"April 14 is going to be a very busy day in the borough of Greencastle," Borough Manager Eden Ratliff commented at last week's council meeting.

The activities of that day and a variety of other business items were covered at the meeting.

What's planned April 14

Council OK'd the annual Pub Run and corresponding street closures, pending a Pennsylvania Department of Transportation permit to close Leitersburg Street, on April 14, the same day the annual Greencastle Craft Beer and Wine Festival will be held on the parking lot of Antrim Way Honda.

In addition, council agreed to a request from Incognito Tattoo for no parking on the southeast quadrant of the square from 10 a.m. to 6 p.m. for a fundraiser for Antietam Humane Society.

 In other business 

Council adopted an ordinance to prohibit stopping or standing on Ridge Avenue from Leitersburg Street to Addison Avenue weekdays between 7 and 8 a.m. and 2 and 3:30 p.m. to cut down on congestion and improve safety in front of the middle school and the high school.
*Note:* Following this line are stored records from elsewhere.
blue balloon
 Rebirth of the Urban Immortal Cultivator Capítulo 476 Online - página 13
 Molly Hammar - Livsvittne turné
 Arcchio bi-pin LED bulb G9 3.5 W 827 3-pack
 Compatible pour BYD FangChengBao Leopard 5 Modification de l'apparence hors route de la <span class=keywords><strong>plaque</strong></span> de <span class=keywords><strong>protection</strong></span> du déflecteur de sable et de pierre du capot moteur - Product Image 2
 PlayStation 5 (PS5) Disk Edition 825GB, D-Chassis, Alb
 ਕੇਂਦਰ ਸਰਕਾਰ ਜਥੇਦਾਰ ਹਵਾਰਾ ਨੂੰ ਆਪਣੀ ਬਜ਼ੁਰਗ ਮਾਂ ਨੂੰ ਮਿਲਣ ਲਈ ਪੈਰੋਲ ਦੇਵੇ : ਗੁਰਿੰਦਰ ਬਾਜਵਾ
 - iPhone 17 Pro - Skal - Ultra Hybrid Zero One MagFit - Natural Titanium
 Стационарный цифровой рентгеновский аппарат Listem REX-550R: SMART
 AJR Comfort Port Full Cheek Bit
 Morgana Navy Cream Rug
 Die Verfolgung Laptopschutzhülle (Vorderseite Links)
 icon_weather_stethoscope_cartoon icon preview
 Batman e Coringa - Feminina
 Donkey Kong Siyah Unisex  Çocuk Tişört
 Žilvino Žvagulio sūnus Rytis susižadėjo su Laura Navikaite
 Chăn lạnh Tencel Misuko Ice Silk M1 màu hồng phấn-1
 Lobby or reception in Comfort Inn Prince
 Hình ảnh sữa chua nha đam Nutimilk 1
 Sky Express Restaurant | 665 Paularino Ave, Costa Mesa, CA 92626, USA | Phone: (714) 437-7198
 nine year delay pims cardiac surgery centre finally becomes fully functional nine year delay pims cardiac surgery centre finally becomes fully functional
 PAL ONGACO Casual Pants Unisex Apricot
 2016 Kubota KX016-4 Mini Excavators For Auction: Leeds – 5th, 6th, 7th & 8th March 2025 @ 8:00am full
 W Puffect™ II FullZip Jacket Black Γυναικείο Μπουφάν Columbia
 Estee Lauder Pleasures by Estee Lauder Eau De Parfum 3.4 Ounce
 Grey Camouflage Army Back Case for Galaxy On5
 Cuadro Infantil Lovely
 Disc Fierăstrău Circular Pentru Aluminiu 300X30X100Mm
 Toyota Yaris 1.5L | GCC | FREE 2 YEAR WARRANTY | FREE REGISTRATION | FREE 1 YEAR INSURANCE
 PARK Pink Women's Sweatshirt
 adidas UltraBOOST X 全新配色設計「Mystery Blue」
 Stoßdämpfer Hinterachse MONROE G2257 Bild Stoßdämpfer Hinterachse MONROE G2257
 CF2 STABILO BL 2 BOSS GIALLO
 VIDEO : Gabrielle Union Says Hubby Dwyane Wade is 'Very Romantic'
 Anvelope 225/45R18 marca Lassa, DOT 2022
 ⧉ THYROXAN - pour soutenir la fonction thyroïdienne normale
The ordinance will be enforced once signs are in place. Bulk item day will be held from 8 a.m. to 2 p.m. Friday, May 4, and 7 to 10:30 a.m. Saturday, May 5, at the borough maintenance building on Mifflin Lane near Jerome R. King Playground.

Ratliff said it looks like Waste Management is going to donate the Dumpsters, which will be a $5,000 windfall for the borough and thanked Mayor Ben Thomas for the idea.

Authorized no parking from 7 a.m. to 5 p.m. in the first block of South Carlisle Street and around Center Square for the Greencastle-Antrim Chamber of Commerce's Spring Seasonal Marketplace on Saturday, May 19. Approved a request from VFW Post 6319 to hold the annual Greencastle Memorial Day parade at 10 a.m. Monday, May 28, pending a Pennsylvania Department of Transportation road closure permit. Ratliff noted the borough is outsourcing utility billing so the bills may look a little different. Customer service will still be provided by borough staff. Greencastle has been designated a Tree City USA for the second year in a row. That means the borough takes a proactive approach to caring for its urban canopy and spends at least $2 per capita on its trees, according to Ratliff, who explained most of that amount is in volunteer time. He added that after a third year, the borough can apply for more grants.